Intended status: Standards Track | Cisco Systems |
Expires: March 5, 2020 | S. Thyamagundalu |
September 2, 2019 |
IS-IS Routing for Spine-Leaf Topology
draft-ietf-lsr-isis-spine-leaf-ext-02
This document describes a mechanism for routers and switches in a Spine-Leaf type topology to have non-reciprocal Intermediate System to Intermediate System (IS-IS) routing relationships between the leafs and spines. The leaf nodes do not need to have the topology information of other nodes and exact prefixes in the network. This extension also has application in the Internet of Things (IoT).
This Internet-Draft is submitted in full conformance with the provisions of BCP 78 and BCP 79.
Internet-Drafts are working documents of the Internet Engineering Task Force (IETF). Note that other groups may also distribute working documents as Internet-Drafts. The list of current Internet-Drafts is at https://datatracker.ietf.org/drafts/current/.
Internet-Drafts are draft documents valid for a maximum of six months and may be updated, replaced, or obsoleted by other documents at any time. It is inappropriate to use Internet-Drafts as reference material or to cite them other than as "work in progress."
This Internet-Draft will expire on March 5, 2020.

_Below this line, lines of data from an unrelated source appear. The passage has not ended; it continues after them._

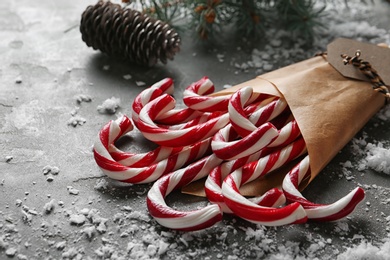 Photo of Candy canes on grey table. Traditional Christmas treat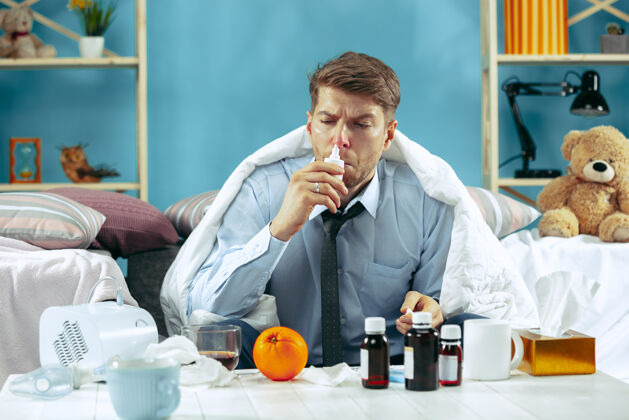 组织留着胡须的病人坐在家里的沙发上 铺上暖和的毯子 用鼻喷雾剂对疾病 流感 疼痛有概念在家放松鼻子病人流感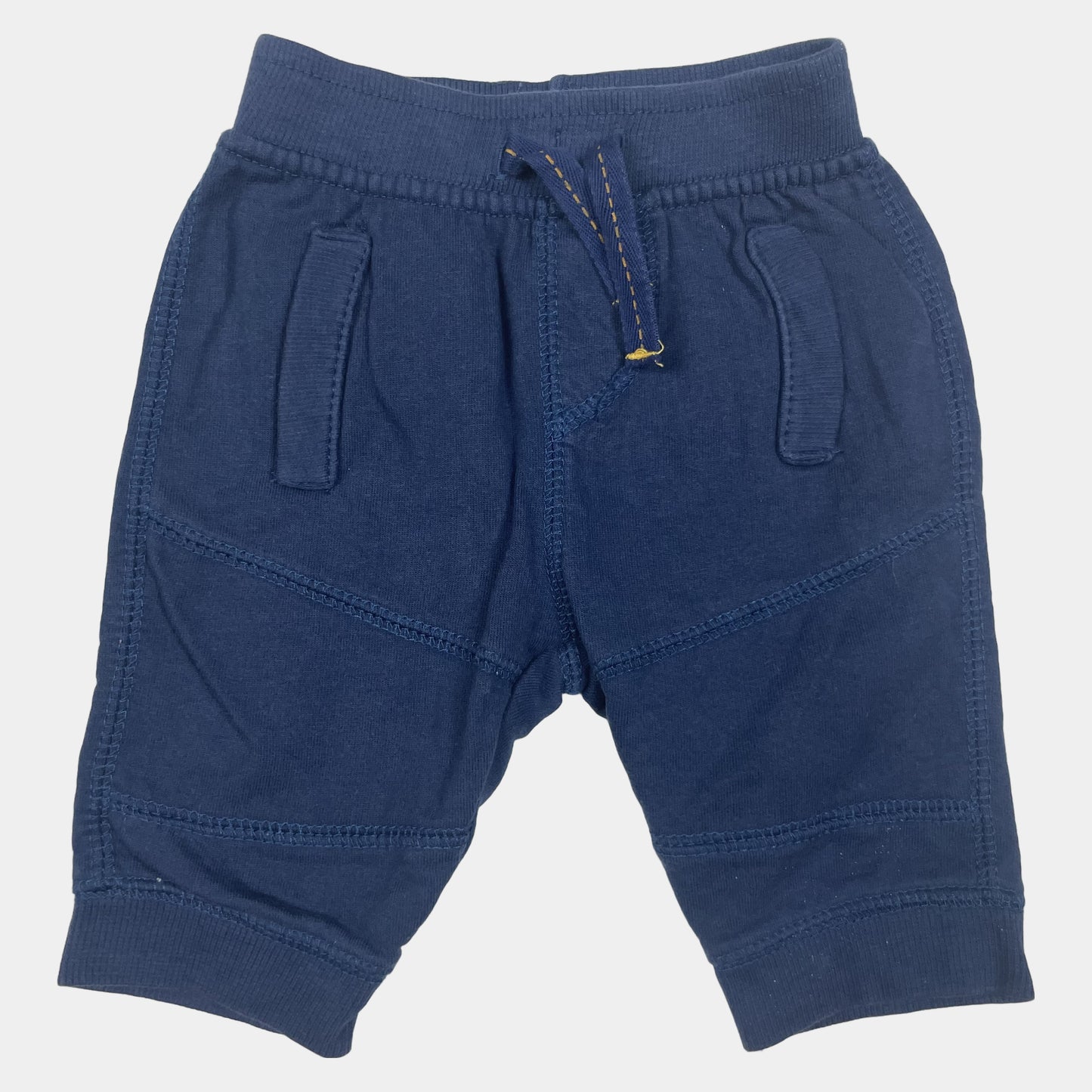 Dunkelblaue Baumwollhose mit elastischem Bund und Seitentaschen.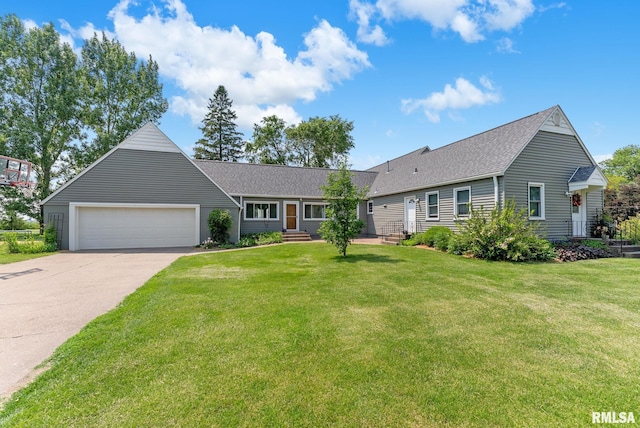 904 W Main St, Reynolds, IL 61279 - single story home featuring a garage, driveway, a front lawn, and roof with shingles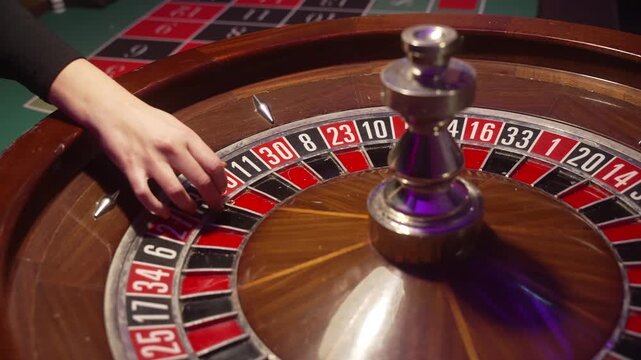 Woman Placing Chip On Roulette Number, Strategic Bet Before Spin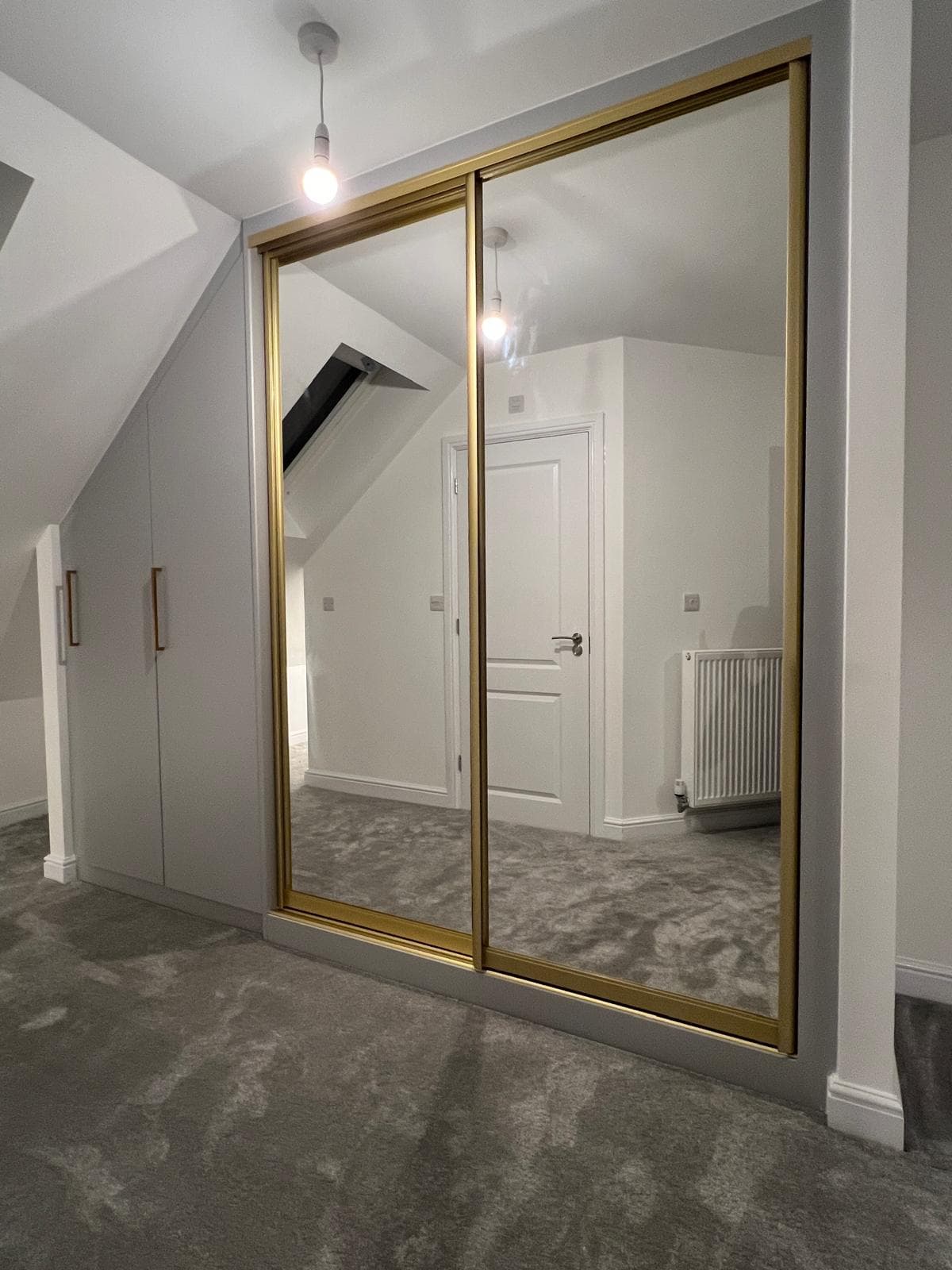 Loft sliding wardrobe built to follow a sloped ceiling, with gold trim detailing.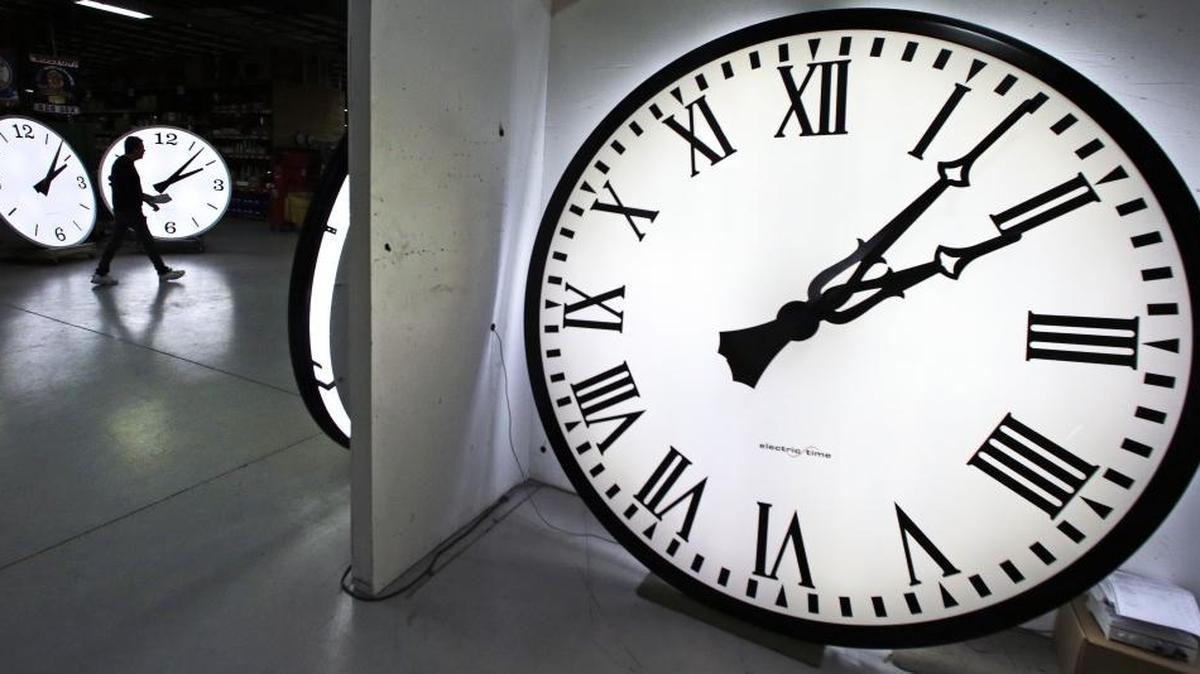 Tom Liberatore, a materials purchasing manager, walks past clocks being tested prior to shipping at the Electric Time Company in Medfield, Mass., on March 10, 2016. Most Americans lose an hour of sleep, but gain an hour of evening light during daylight saving time.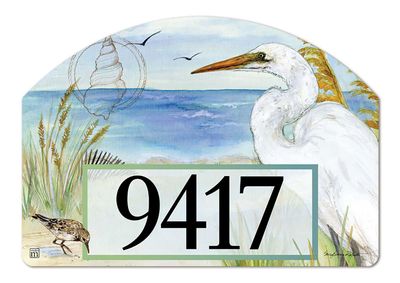 Close-up of a magnetic yard sign design showing a white egret in tall marsh grass and adhesive address numbers.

Copyright (c) 2019 IETF Trust and the persons identified as the document authors. All rights reserved.
This document is subject to BCP 78 and the IETF Trust's Legal Provisions Relating to IETF Documents (https://trustee.ietf.org/license-info) in effect on the date of publication of this document. Please review these documents carefully, as they describe your rights and restrictions with respect to this document. Code Components extracted from this document must include Simplified BSD License text as described in Section 4.e of the Trust Legal Provisions and are provided without warranty as described in the Simplified BSD License.
The IS-IS routing protocol defined by [ISO10589] has been widely deployed in provider networks, data centers and enterprise campus environments. In the data center and enterprise switching networks, a Spine-Leaf topology is commonly used. This document describes a mechanism where IS-IS routing can be optimized for a Spine-Leaf topology.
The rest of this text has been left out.